Syndrome de Parsonage-Turner : causes, phases et pronostic

Points clés à retenir

  • Le syndrome de Parsonage-Turner est un trouble nerveux qui provoque de graves douleurs aux bras et aux épaules.
  • La cause exacte du syndrome de Parsonage-Turner est inconnue, mais elle pourrait être liée à un trouble immunitaire.
  • Le syndrome de Parsonage-Turner peut entraîner une faiblesse musculaire et une perte de mobilité.

Le syndrome de Parsonage-Turner (SPT) est un trouble neurologique qui provoque une douleur intense à l’épaule et au bras et peut causer des dommages durables aux muscles, nerfs et ligaments voisins. Le SPT, également connu sous le nom de névrite brachiale, survient généralement dans le plexus brachial, un réseau nerveux sous le bras qui relie les nerfs cervicaux du cou le long de la clavicule et s’étend dans le bras.

Le SPT peut également faire référence à d’autres formes de troubles des nerfs périphériques ailleurs dans le corps. On pense qu’elle est causée par un trouble immunitaire, peut-être secondaire à une infection virale courante, mais les causes exactes ne sont pas encore claires. L’effet global durable du SPT varie considérablement d’un individu à l’autre.

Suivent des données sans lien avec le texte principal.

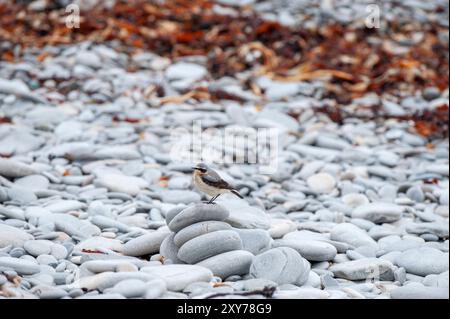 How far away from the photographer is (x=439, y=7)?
488 inches

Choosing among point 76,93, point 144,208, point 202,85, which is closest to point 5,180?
point 144,208

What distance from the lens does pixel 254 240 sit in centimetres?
461

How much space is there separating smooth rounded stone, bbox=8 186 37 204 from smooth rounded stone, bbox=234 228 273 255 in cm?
187

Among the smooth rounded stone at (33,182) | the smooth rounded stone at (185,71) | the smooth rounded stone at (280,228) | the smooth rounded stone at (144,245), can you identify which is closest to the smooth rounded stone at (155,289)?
the smooth rounded stone at (144,245)

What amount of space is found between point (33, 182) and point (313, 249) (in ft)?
8.62

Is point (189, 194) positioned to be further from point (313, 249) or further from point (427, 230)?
point (427, 230)

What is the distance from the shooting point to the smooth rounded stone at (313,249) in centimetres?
468

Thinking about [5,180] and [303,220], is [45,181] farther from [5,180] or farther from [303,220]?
[303,220]

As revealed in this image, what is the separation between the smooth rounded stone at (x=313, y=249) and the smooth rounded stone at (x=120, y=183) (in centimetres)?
179

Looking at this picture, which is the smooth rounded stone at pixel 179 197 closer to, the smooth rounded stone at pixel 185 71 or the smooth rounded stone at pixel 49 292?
the smooth rounded stone at pixel 49 292

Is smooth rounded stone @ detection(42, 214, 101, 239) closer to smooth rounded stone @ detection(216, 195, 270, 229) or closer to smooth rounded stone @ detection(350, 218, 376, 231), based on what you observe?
smooth rounded stone @ detection(216, 195, 270, 229)

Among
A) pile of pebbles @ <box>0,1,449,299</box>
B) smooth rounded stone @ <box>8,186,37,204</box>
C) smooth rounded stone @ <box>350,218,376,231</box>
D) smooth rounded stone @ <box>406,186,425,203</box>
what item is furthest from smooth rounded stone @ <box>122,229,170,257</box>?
smooth rounded stone @ <box>406,186,425,203</box>

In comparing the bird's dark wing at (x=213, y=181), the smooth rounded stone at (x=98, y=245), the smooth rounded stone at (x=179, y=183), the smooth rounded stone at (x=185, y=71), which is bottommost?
the smooth rounded stone at (x=98, y=245)

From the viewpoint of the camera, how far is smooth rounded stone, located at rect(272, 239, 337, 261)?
4676 millimetres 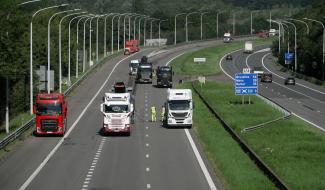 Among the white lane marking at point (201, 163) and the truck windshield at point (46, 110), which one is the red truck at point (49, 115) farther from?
the white lane marking at point (201, 163)

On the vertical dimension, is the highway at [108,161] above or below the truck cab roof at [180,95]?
below

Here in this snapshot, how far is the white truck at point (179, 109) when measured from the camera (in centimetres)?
5993

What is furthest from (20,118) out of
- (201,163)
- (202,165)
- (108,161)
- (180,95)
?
(202,165)

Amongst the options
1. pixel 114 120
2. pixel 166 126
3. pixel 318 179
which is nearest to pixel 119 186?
pixel 318 179

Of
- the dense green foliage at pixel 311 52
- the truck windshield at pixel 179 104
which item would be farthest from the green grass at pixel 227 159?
the dense green foliage at pixel 311 52

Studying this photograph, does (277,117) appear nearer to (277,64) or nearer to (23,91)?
(23,91)

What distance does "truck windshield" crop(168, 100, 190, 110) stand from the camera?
60.6 m

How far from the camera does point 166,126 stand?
6225 centimetres

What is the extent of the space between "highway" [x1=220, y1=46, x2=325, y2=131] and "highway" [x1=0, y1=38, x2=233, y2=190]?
16548mm

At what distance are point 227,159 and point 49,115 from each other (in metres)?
16.4

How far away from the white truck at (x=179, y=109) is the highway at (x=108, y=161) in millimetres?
915

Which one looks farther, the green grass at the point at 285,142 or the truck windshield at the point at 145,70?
the truck windshield at the point at 145,70

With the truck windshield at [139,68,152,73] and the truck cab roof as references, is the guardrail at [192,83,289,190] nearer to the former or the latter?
the truck cab roof

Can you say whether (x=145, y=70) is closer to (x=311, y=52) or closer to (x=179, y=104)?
(x=311, y=52) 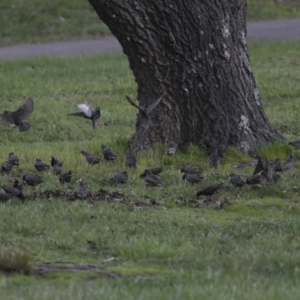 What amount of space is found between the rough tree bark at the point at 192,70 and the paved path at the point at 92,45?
10281 millimetres

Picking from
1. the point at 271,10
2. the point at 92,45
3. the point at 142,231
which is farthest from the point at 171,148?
the point at 271,10

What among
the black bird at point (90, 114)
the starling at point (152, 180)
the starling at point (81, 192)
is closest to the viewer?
the starling at point (81, 192)

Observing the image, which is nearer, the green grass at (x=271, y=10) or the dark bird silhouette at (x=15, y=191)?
the dark bird silhouette at (x=15, y=191)

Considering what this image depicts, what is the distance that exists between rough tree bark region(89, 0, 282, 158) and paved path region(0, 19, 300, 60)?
1028 centimetres

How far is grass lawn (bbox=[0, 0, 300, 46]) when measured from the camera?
24.6 metres

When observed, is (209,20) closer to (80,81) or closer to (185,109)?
(185,109)

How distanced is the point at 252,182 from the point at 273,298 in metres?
3.61

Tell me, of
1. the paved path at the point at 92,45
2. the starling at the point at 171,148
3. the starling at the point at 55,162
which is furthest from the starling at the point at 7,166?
the paved path at the point at 92,45

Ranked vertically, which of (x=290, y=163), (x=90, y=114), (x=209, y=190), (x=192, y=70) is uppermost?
(x=192, y=70)

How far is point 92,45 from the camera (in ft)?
75.2

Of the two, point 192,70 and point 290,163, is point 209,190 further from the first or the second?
point 192,70

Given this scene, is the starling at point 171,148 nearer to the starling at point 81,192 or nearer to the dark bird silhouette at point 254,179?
the dark bird silhouette at point 254,179

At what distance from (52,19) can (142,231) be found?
18.8m

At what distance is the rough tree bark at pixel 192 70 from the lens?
10211 mm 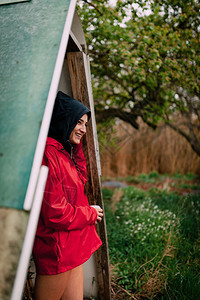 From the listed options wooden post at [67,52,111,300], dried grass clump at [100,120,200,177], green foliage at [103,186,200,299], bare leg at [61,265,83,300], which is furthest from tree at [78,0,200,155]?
dried grass clump at [100,120,200,177]

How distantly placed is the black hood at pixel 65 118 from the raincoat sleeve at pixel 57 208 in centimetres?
26

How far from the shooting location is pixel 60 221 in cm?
140

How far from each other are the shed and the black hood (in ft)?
2.10

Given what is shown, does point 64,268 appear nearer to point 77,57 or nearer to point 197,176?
point 77,57

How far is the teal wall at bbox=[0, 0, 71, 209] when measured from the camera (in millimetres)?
950

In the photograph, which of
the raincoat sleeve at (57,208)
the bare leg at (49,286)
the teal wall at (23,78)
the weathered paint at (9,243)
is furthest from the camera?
the bare leg at (49,286)

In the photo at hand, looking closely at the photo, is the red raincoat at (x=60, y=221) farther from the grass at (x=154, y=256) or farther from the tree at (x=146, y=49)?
the tree at (x=146, y=49)

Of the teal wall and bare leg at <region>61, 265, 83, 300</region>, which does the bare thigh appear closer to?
bare leg at <region>61, 265, 83, 300</region>

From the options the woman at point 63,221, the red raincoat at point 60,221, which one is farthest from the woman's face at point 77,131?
the red raincoat at point 60,221

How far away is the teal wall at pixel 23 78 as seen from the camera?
3.12ft

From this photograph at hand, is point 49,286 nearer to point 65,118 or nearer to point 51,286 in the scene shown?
point 51,286

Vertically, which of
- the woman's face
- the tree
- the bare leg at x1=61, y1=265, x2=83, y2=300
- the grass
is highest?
the tree

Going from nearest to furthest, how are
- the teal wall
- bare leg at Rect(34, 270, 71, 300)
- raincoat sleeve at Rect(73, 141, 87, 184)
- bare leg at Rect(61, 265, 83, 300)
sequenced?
1. the teal wall
2. bare leg at Rect(34, 270, 71, 300)
3. bare leg at Rect(61, 265, 83, 300)
4. raincoat sleeve at Rect(73, 141, 87, 184)

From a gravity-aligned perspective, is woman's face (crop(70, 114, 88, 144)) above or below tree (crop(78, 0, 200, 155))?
below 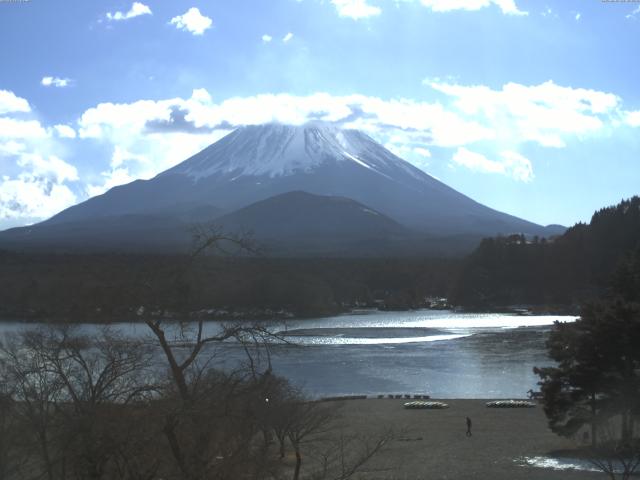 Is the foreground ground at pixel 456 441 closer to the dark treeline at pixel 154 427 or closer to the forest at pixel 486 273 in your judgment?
the dark treeline at pixel 154 427

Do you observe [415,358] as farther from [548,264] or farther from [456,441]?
[548,264]

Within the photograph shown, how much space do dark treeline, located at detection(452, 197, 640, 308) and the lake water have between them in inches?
602

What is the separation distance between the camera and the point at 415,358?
29938 millimetres

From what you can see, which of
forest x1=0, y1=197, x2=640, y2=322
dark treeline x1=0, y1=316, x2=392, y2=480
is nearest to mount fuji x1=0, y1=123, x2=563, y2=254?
forest x1=0, y1=197, x2=640, y2=322

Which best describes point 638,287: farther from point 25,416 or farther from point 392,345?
point 392,345

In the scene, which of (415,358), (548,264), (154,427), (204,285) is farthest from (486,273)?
(154,427)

Cet article examine les symptômes et les causes du SPT, y compris la manière dont la maladie est traitée.

Symptômes du syndrome de Parsonage-Turner

Le syndrome de Parsonage-Turner (SPT) est un trouble neurologique qui provoque une douleur intense à l’épaule et au bras, généralement d’un côté du corps.

Cette douleur peut coïncider avec un affaiblissement et une perte de masse musculaire dans les zones touchées sur une période de plusieurs semaines. Le SPT touche 1,64 personne sur 100 000 par an, bien que l’incidence du SPT puisse être sous-diagnostiquée et légèrement plus élevée.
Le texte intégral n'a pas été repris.